I am now employed and can pay back about $1800 a month in debt. I thought a consolidation loan might help my credit rating, but I was offered a rate of 15% on $17,000. That is higher than my current credit card interest. As far as secured loans, I rent my home and have no property. There is maybe about $3k difference between what my car is worth and what is left to pay.
Is paying my 13% credit card at $1800 per month the best strategy? Are there better options?
Yes, you don’t want to end up paying higher interest, because that means you will pay off things longer. Pay the minimum on all but the smallest balance and put everything you have towards that, until it’s paid off. The work your way to paying them all off in that way. Good luck.
Hi @mark.r. I definitely agree with what @jeremym said about not paying the higher interest rate. Paying off your cards directly instead of taking out the loan is your best option.
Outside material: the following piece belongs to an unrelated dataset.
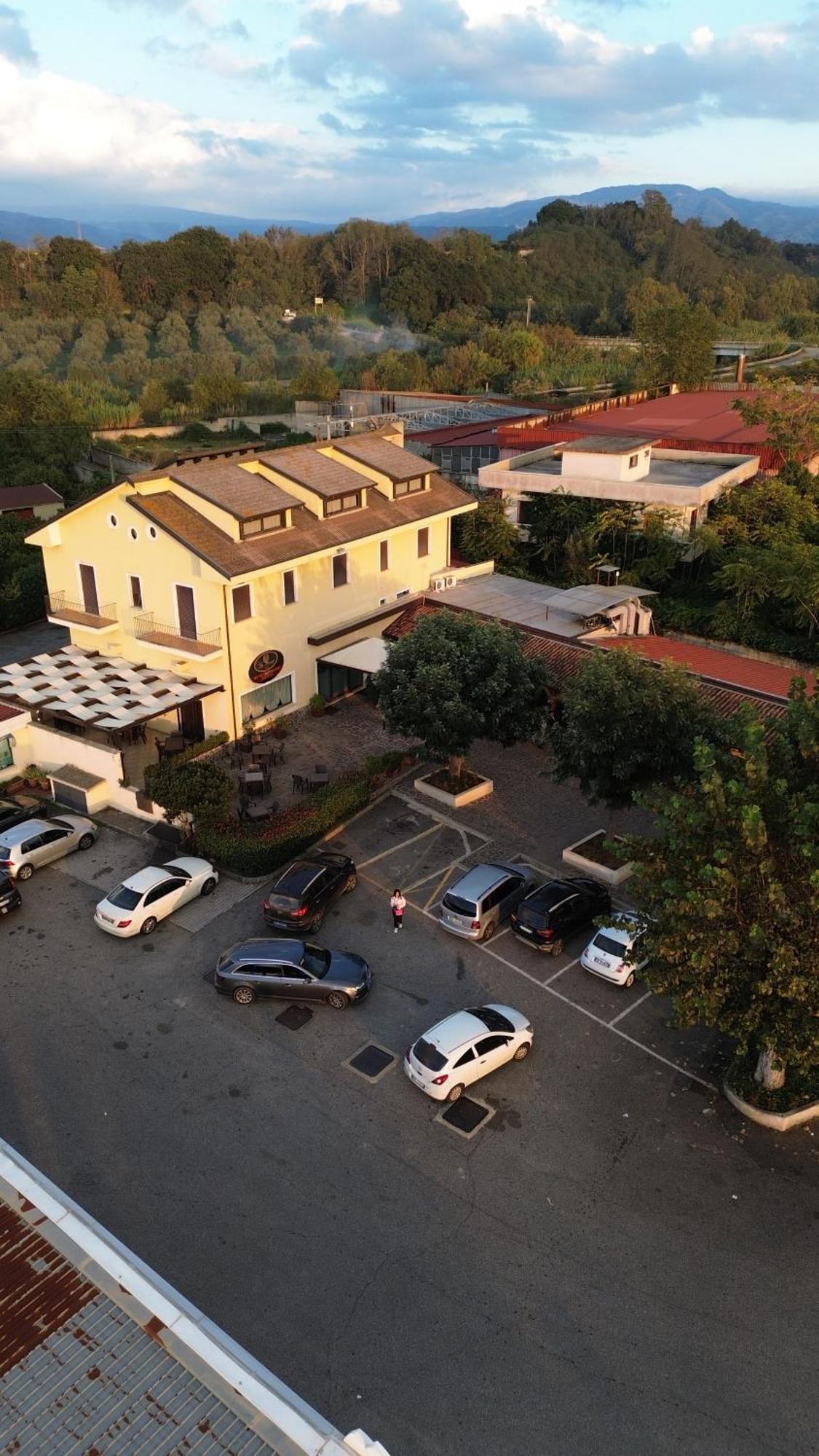 Hotel La Fenice Rosarno Zewnętrze zdjęcie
One thing I’d suggest though is paying the minimum on the $8,000 card while it’s at 0% and putting every extra cent you have right now toward the $17K balance. Once the 0% interest period ends in March, you can compare the interest rates. If one is much higher, focus on that one. But if the rates are similar, knocking out the one with the smallest balance is a good move.
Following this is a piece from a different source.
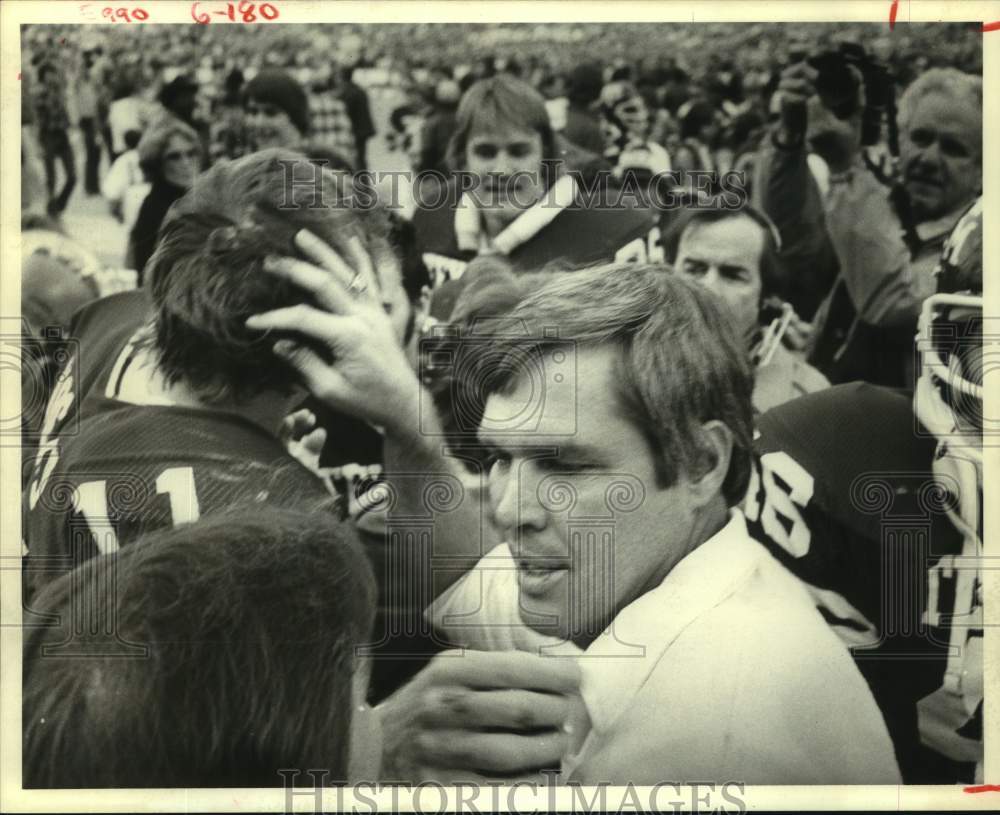 1979 Press Photo Texas A&amp;M football Tom Wilson talks with players- Historic Images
Definitely don’t touch your $3K of car equity to pay off any credit card debt. Just keep making your car payments as usual.
The good news here is that you’re clearly already on your way to recovering from a long spell of unemployment since you’re working again and have $1,800 to put toward debt.
Even though your credit score may have taken a hit from the credit limit decrease, this is a temporary setback. As you pay down your credit cards, you’ll see your scores increase. A temporary increase in your credit utilization has no lasting impact on your score. When you reduce it, you’ll see your score increase within a month or two.